Radulescu: Mostly it happens when people lose contact with each other for a while. Of course, this is the very situation of the film. I mean, it’s not about one of us leaving the family behind and going to another country, it’s just leaving for one year from home because you move to another city in the same country. It’s basically what happens to all children when they go to work and they rent a place and then they marry and their parents stay in another neighbourhood. Then we see each other every Sunday, we get into this kind of formal relation, and [when] you go home every Sunday, you are a guest.
But in the film there is also a lot of Romania. There are just a few sentences that the father says and Felicia says but you can understand a lot about Romania – much more than there is about the Netherlands. You came to this by working together?
De Raaf: I think the film should be very specific, and Felicia being Romanian should be specific…
Radulescu: She’s a Romanian in Romania who happens to have spent nineteen years in the Netherlands. So, I do believe that you understand [about] her reality there whatever her mother understands or her father understands [about] her reality there. This is what you are supposed to get, no more than that. Because we do believe that in this movie you should also be on mother’s side, not only on Felicia’s side. You should also understand the impossible limits of the mother, the mother cannot do otherwise. She is really condemned to be what she is because she doesn’t have anything else to think about. I mean, Felicia for sure never took the time to explain to the mother how she is, she probably didn’t tell her how her life is so unhappy there, for many reasons.
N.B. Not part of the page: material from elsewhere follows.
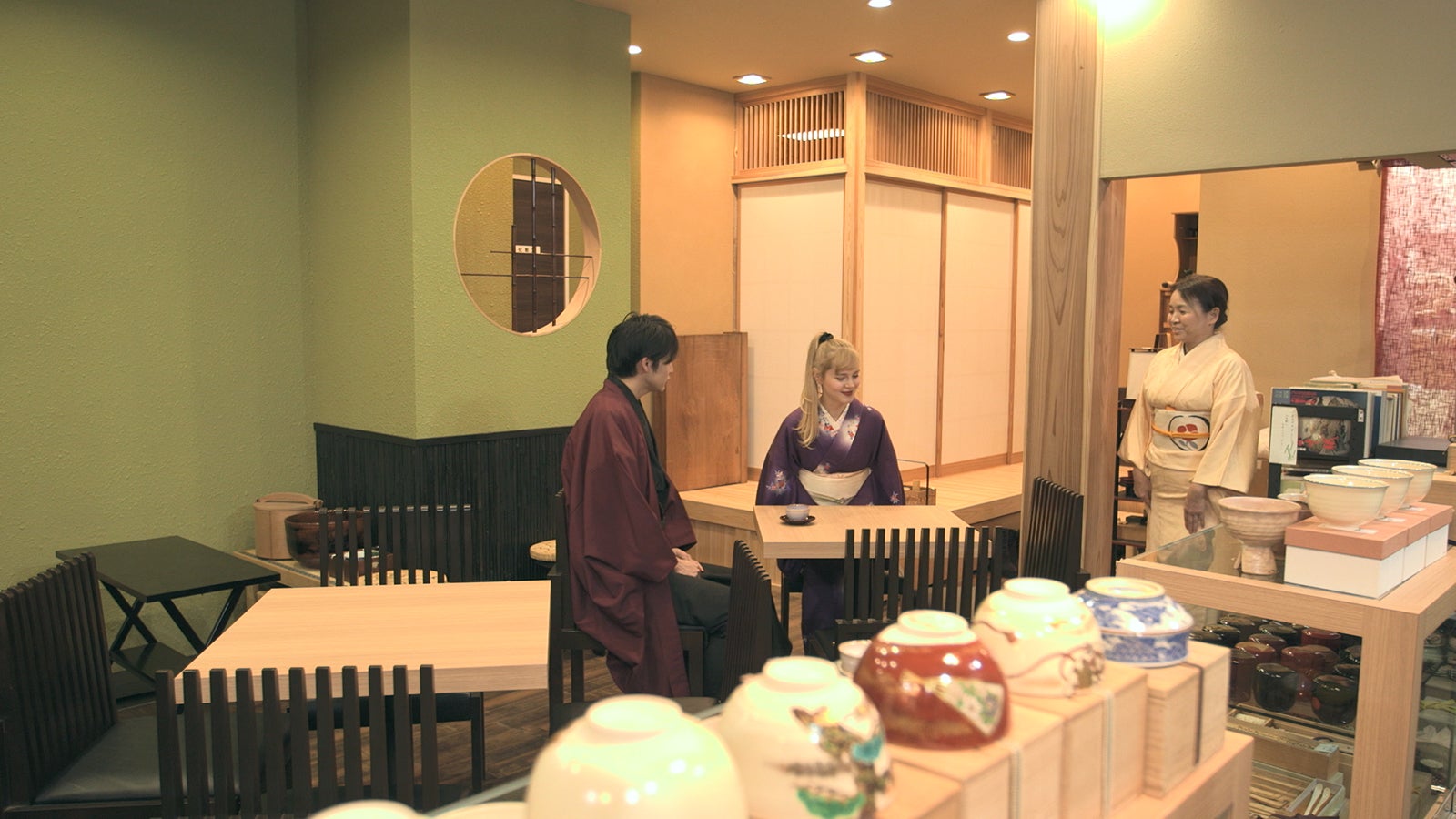 志遠、ビビ「TERRACE HOUSE TOKYO 2019-2020」40th WEEK（C）フジテレビ／イースト・エンタテインメント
She didn’t speak those very personal things anymore…I think she tried to appear happy, to hide, because she knew or she believed this is what is expected of her. This is how it works, so the way Holland is pictured in the movie is the way the mother sees it.
Yes, the Netherlands are alien…
Radulescu: Yes, the Netherlands are alien. This is a story to be told: while financing that movie there were some offers of financing coming from Germany, for instance, with the condition of course that Felicia should be German, not even Dutch, she should be German! Why is not Felicia German? Because they said…she can come from any country! But I don’t think that a German is an alien to anyone in Europe, the Netherlands is an alien country, language-wise also. I mean, she could come from Italy, but not even because we all understand Italian. But Dutch? Not even Germans understand Dutch! Some things, but it’s [usually]: “What is this language?”, “What are they speaking?”
What is your next film and are you going to work together?
Radulescu: We have two other projects in development, one that happens in the Netherlands, and you will see that the elements will be Dutch. All the cultural references will be Dutch and then it will be my [turn] to do my homework and learn and observe them and see deeply how they move.